The injuries were not to be forgotten however and the Gunners were painfully reminded when they were outplayed by Chelsea away on the 17th. The two top three sides met for the fifth round of the FA Cup, in which Arsenal were unable to respond to the game played by Chelsea. Chelsea won the match 3–0 with a brace from Bethany England and a goal by Jonna Andersson, booting Arsenal out of the FA Cup.

The mid-week game (20 February) against Yeovil Town was supposed to be a routine win against bottom of the table, but the Gunners only found the back of the net in the second half. Two goals from Little (one of which a penalty) and a strike by Mead saw Arsenal win 3–0 leaving them still in contention for the league title with a two-point deficit on City but with two games in hand.

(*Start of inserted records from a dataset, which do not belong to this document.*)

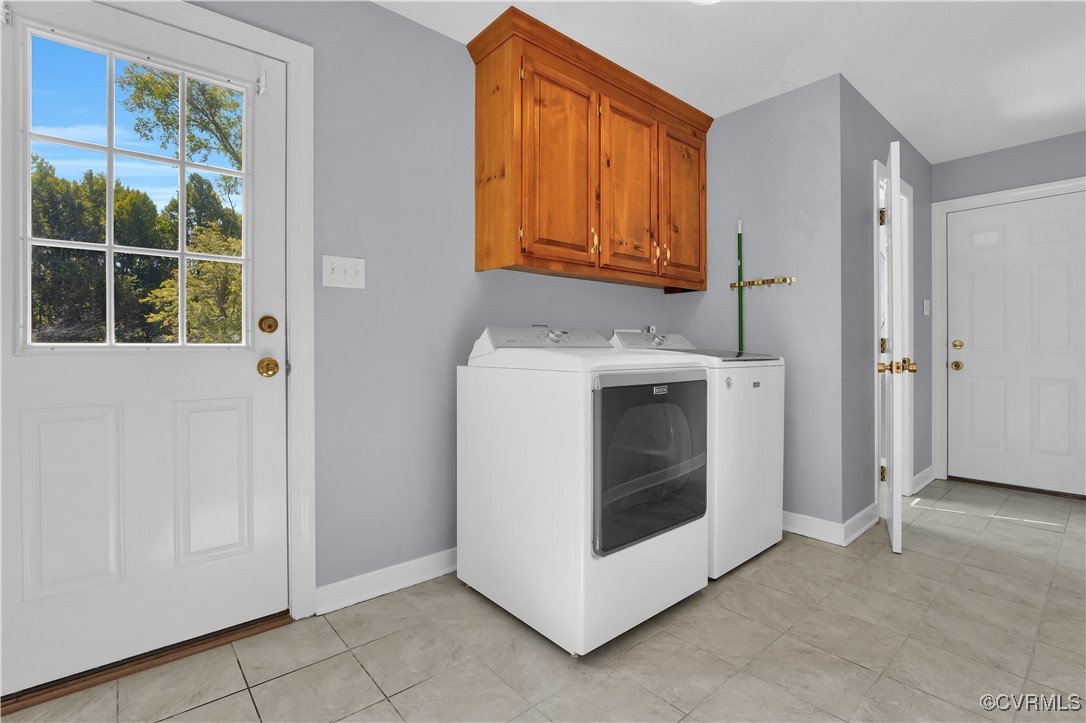 5285 Sandy Valley Road Mechanicsville, VA 23111 - Photo 33 of 37 a utility room with dryer and washer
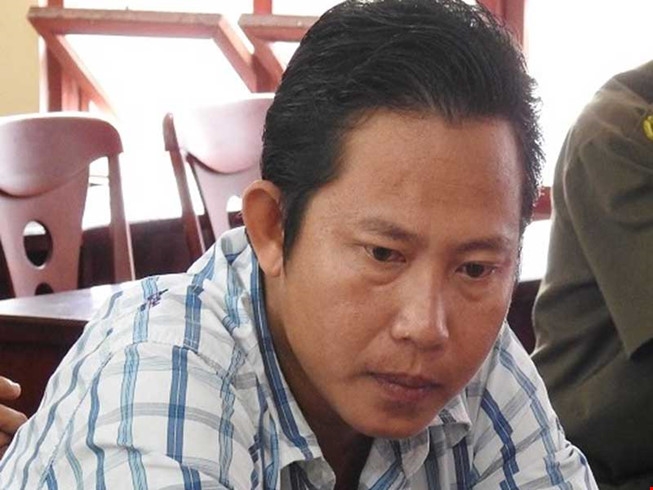 pho cong an xa ban nguoi tai tru so phai boi thuong hinh anh 1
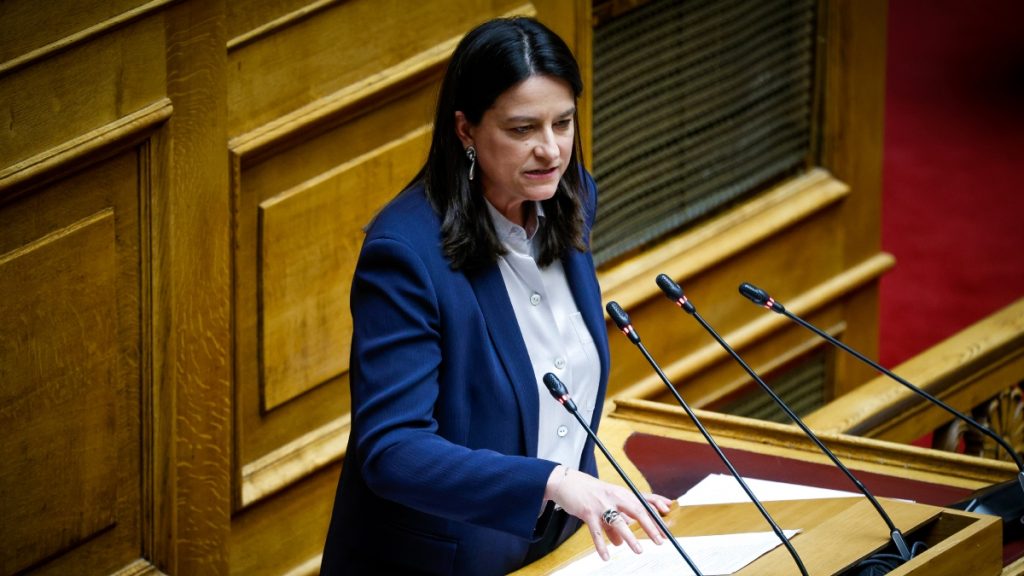 Βουλή: Με 158 «ναι» πέρασε το νομοσχέδιο για τις συλλογικές συμβάσεις – Για «ιστορική συμφωνία» κάνει λόγο η Νίκη Κεραμέως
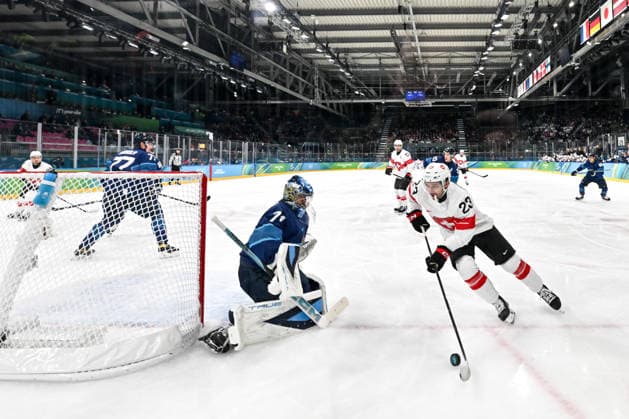 18 02 2026, Milano, Rho Ice hockey, Eishockey Arena, Winter Olympics: Finland - Switzerland (Ice Hockey), Philipp Kurashev of Switzerland skates by goalkeeper Juuse Saros of Finland Milano Rho Ice Hockey Arena Lombardy Italy *** 18 02 2026, Milano, Rho Ice Hockey Arena, Winter Olympics Finland Switzerland Ice Hockey , Philipp Kurashev of Switzerland skates by goalkeeper Juuse Saros of Finland Milano Rho Ice Hockey Arena Lombardy Italy Copyright: xJustPictures.ch AndreaxBrancax jp-en-AnBr-AB-DSC_997918022026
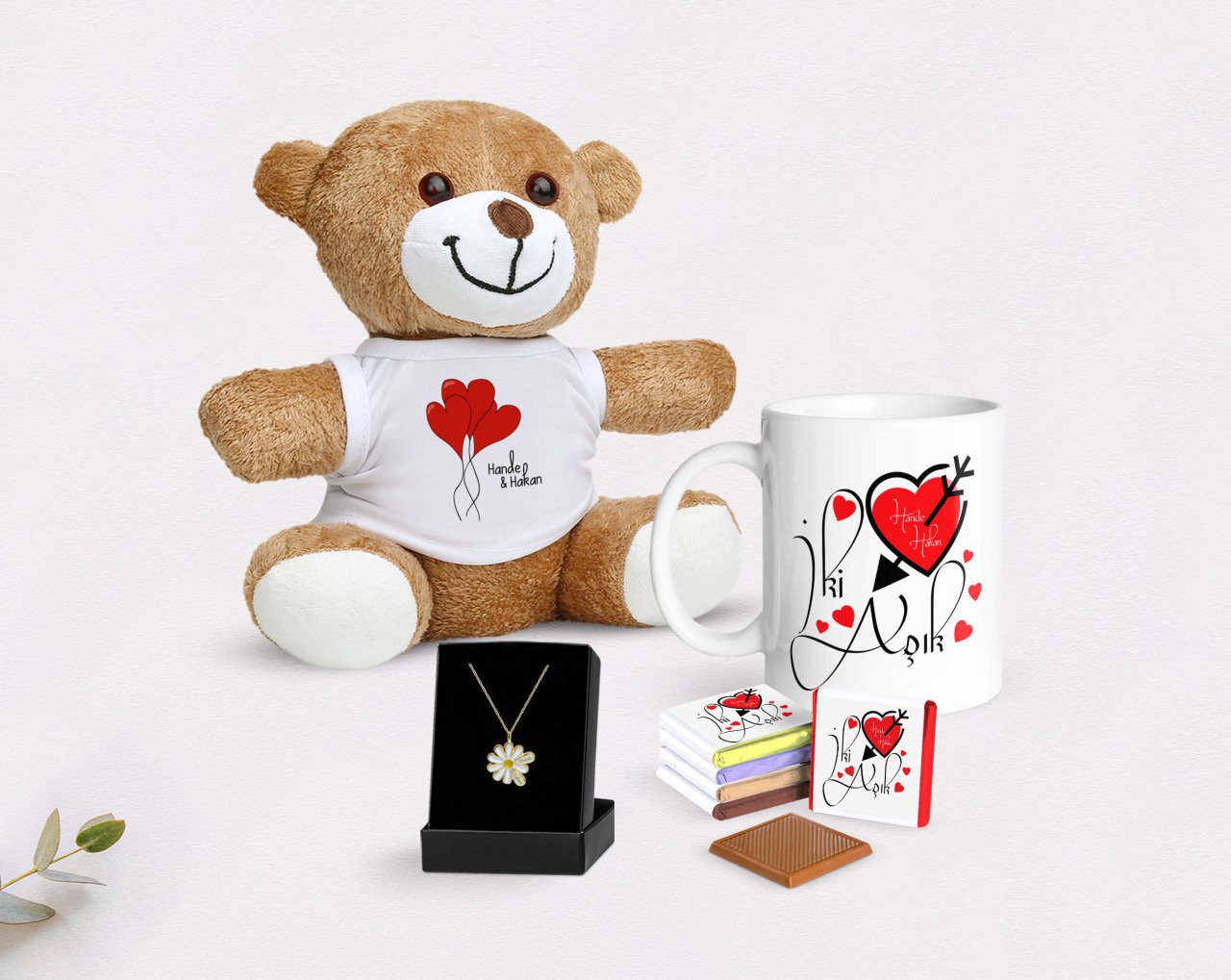 Kişiye Özel Sevgililer Günü Kupa Çikolata Ayıcık ve Çift İsimli Papatya Kolye Seti-17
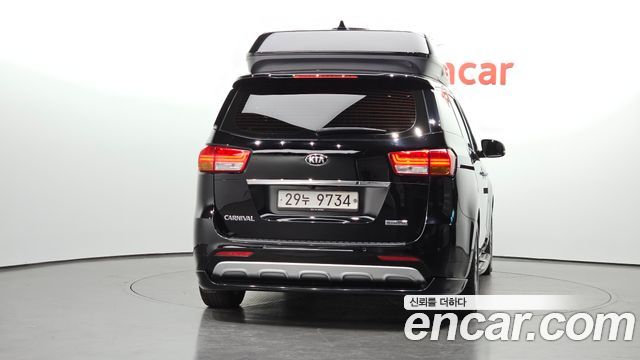 Kia Canival 2018 — photo 4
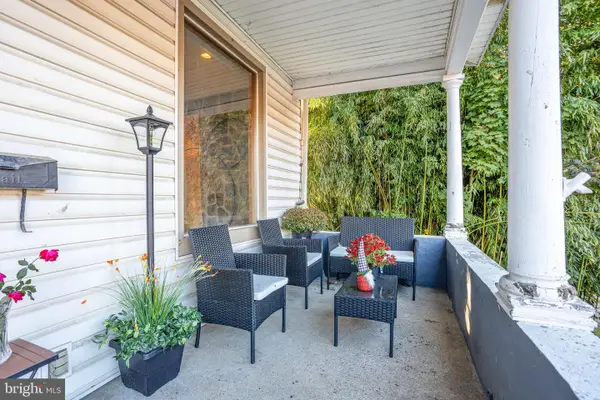 2027 Derry St, HARRISBURG, PA 17104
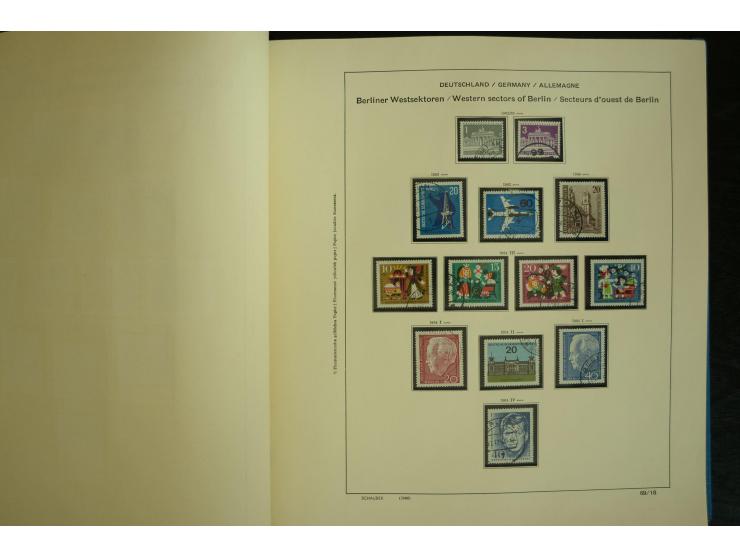 1945/2012, ungebrauchte/postfrische und gestempelte Sammlung, dabei Bizone mit besseren u.a. Mi.-Nr. 93I XG gestempelt mit Fo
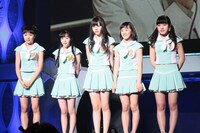 2組目のダンス審査に登場した室田瑞希、一岡伶奈、田辺奈菜美、佐々木莉佳子、吉橋くるみ（左から）。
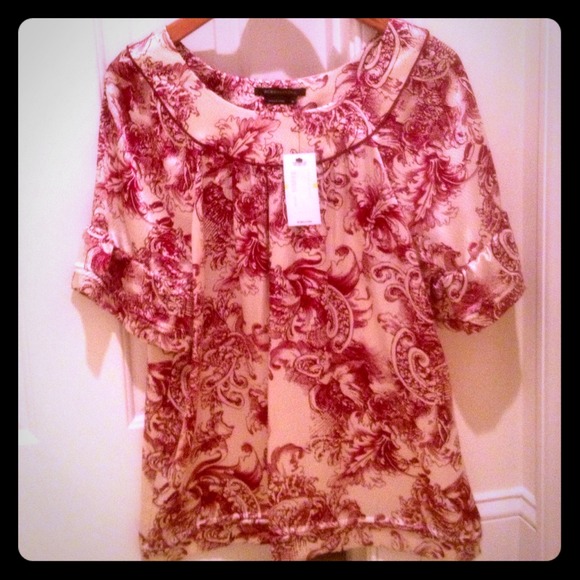 **SOLD NWT Authentic BCBG silk blouse. Orig $185
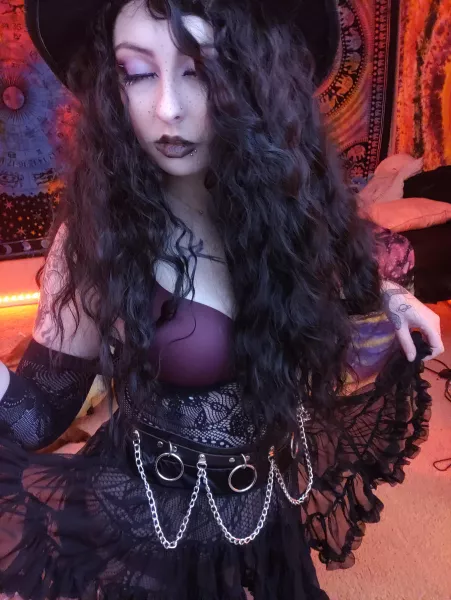 Your scary god mother is here 🖤🦇 by xdream_scapex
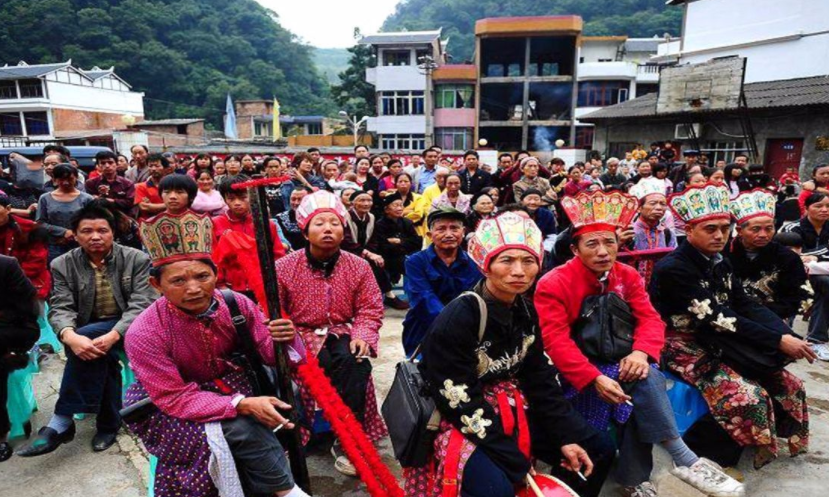 中国有67万“穿青族”人，至今没被纳入56个民族，身份证很特别
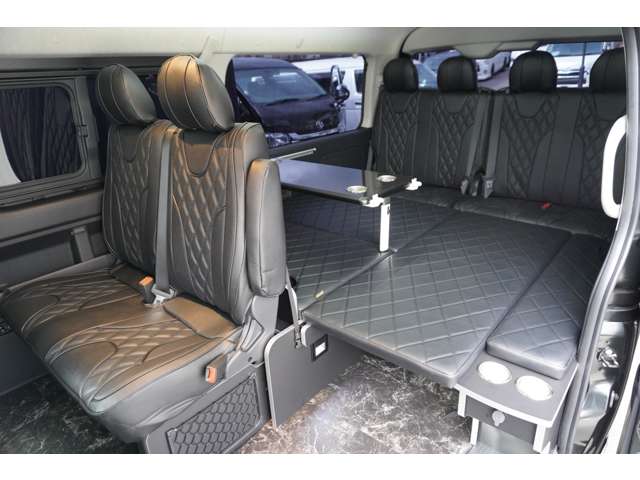 Toyota Hiace 6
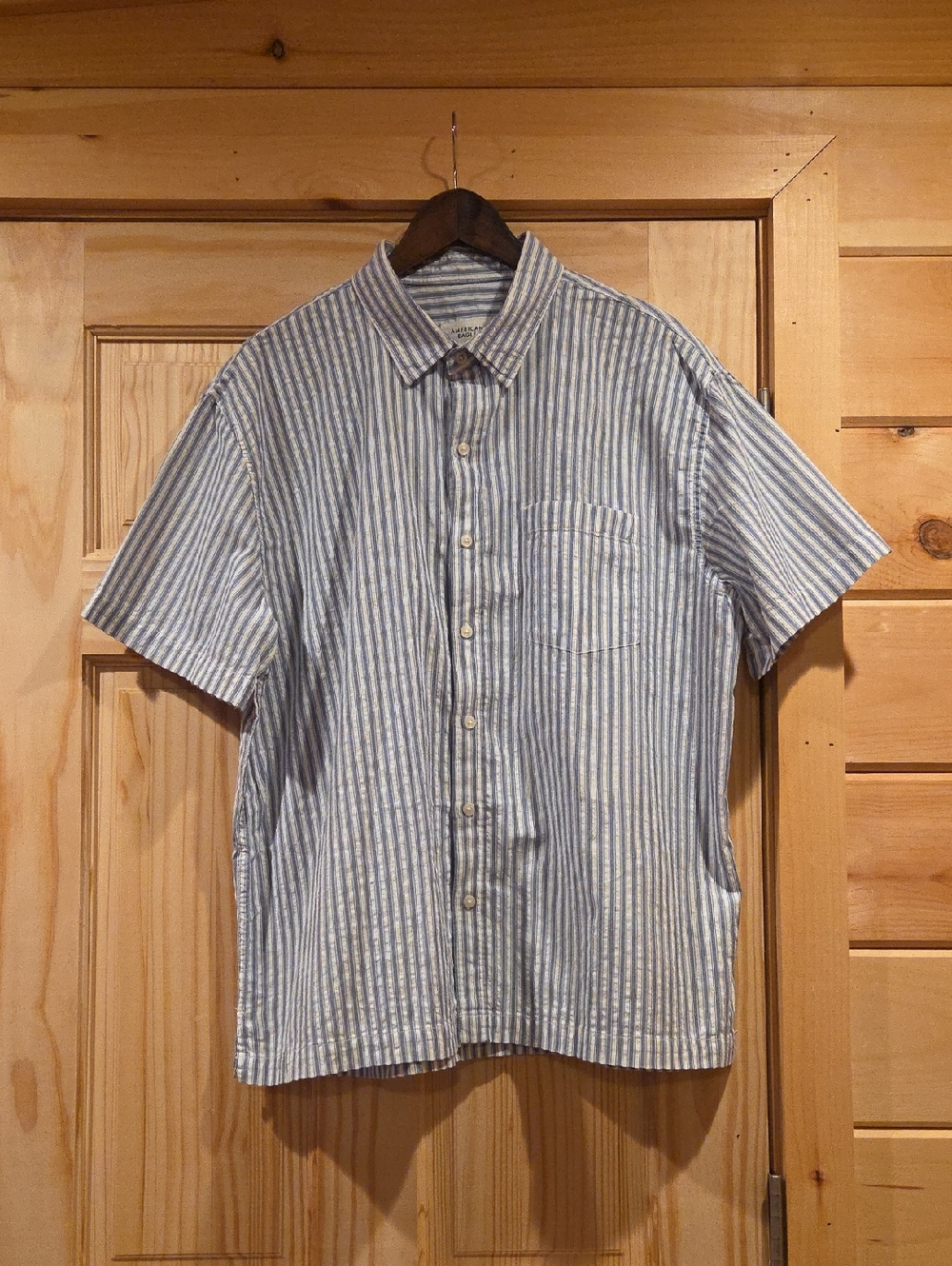 american eagle|button up shirt|large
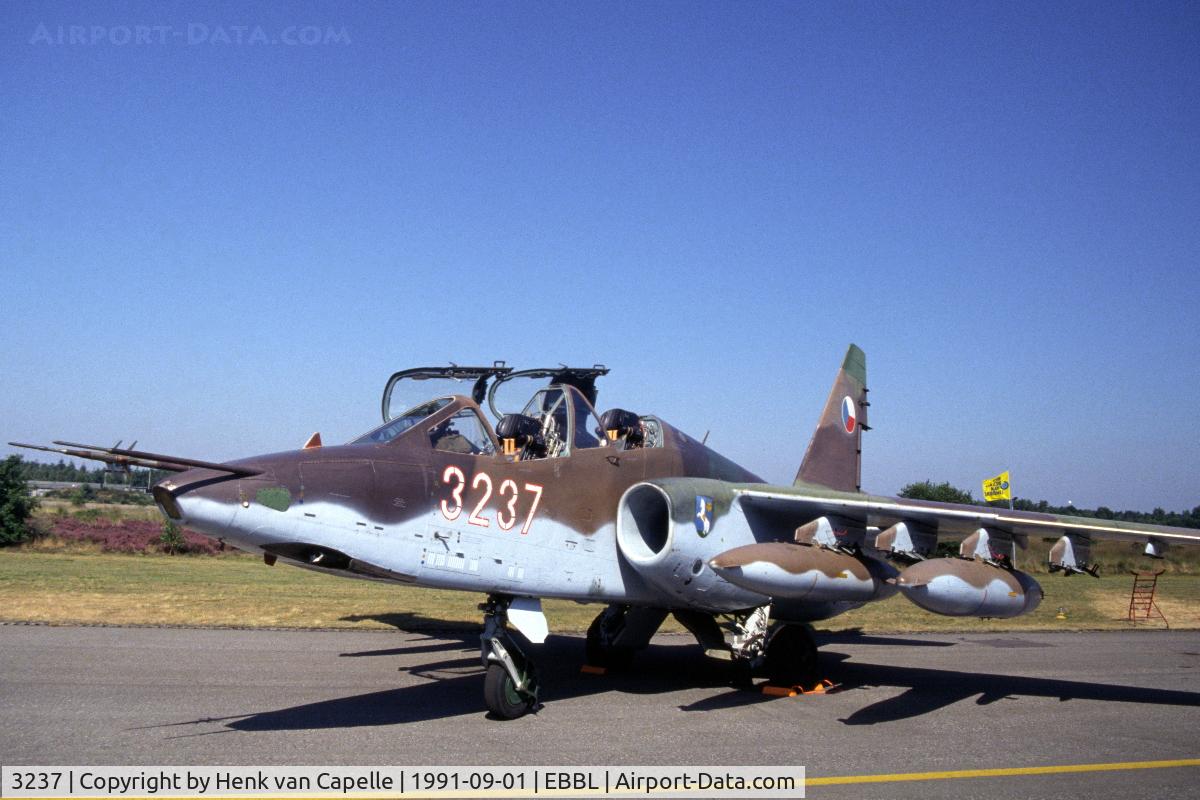 3237, Sukhoi Su-25UBK C/N 38220113237, Sukhoi Su-25UBK of the Czechoslovakian Air Force on display at Kleine Brogel Air Base, Belgium, 1991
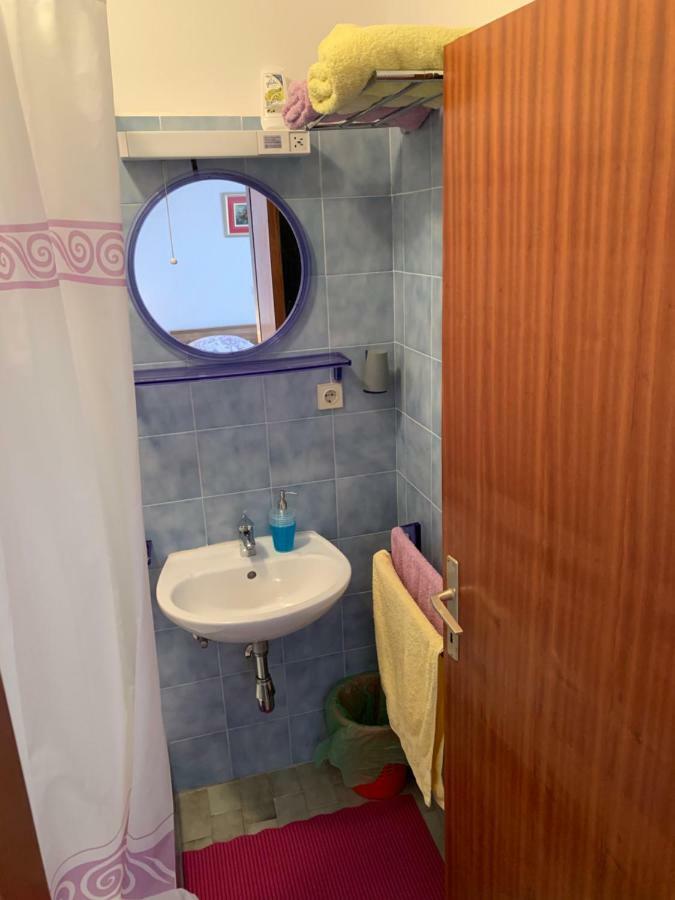 Studio Apartment And Rooms Adria โวดีเซ ภายนอก รูปภาพ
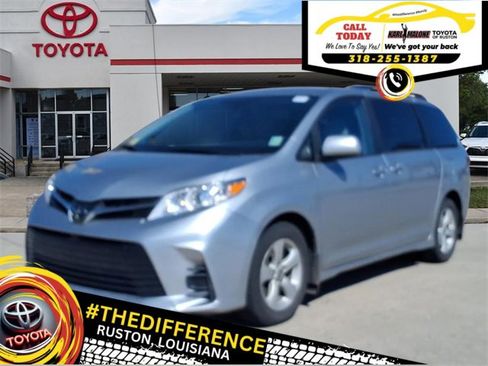Used 2020 Toyota Sienna LE image 1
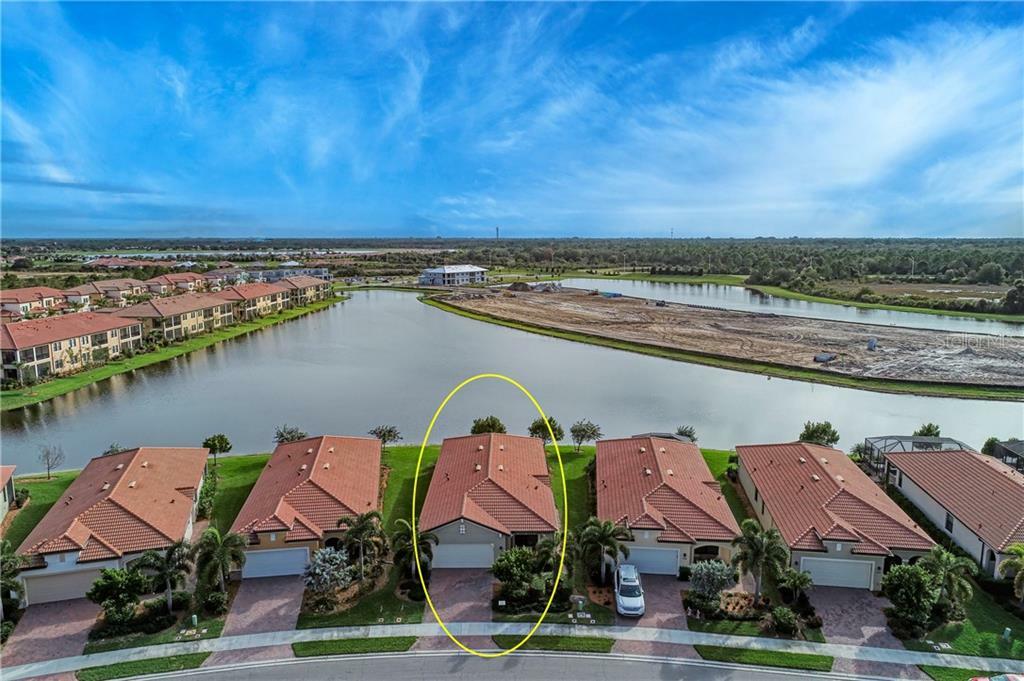 Property Photo: 10085 Cozy Grove Drive FL 34293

23 February saw the League Cup final against Manchester City at Bramall Lane. This third game in a week saw Arsenal topscorer Miedema starting from the bench due to tiredness. The game was fairly even, both teams had chances but none went in the back of the net. After the regular 90 minutes and the extra time, it all came down to penalties. The game and previous games had taken a toll on the players, with both Williamson (who had a very good game) and Van de Donk both missing their penalties. City won 2–4 in the end.

===March===
After the February/March international period, Arsenal returned to league action when they were visited by Bristol City on 14 March. The game saw a quick opening goal by Miedema in the 11th minute making the Gunners' intention clear. The team had to wait until the second half however to see the ball end in the back of the net again: two goals by Miedema and one by McCabe. These goals went unanswered by the Vixens, resulting in a convincing 4–0 victory. The three goals by Miedema was her fourth (third in the league) hat-trick of the season.

24 March saw Arsenal travel to Liverpool for their rescheduled match. Having won the reverse fixture 5–0 at the start of the season and Liverpool's recent poor form made the Gunners heavy favourites for the game. Little opened the scoring after 20 minutes before Mead found the back of the net two minutes later. The second half saw a further strike from Mead and one by Bloodworth (however classified as an own goal by Sophie Bradley-Auckland). Courtney Sweetman-Kirk got one back via a penalty when Veje brought down a Liverpool player inside the box. The game ended after a goal by Miedema, her 20th league goal of the season, in 1–5.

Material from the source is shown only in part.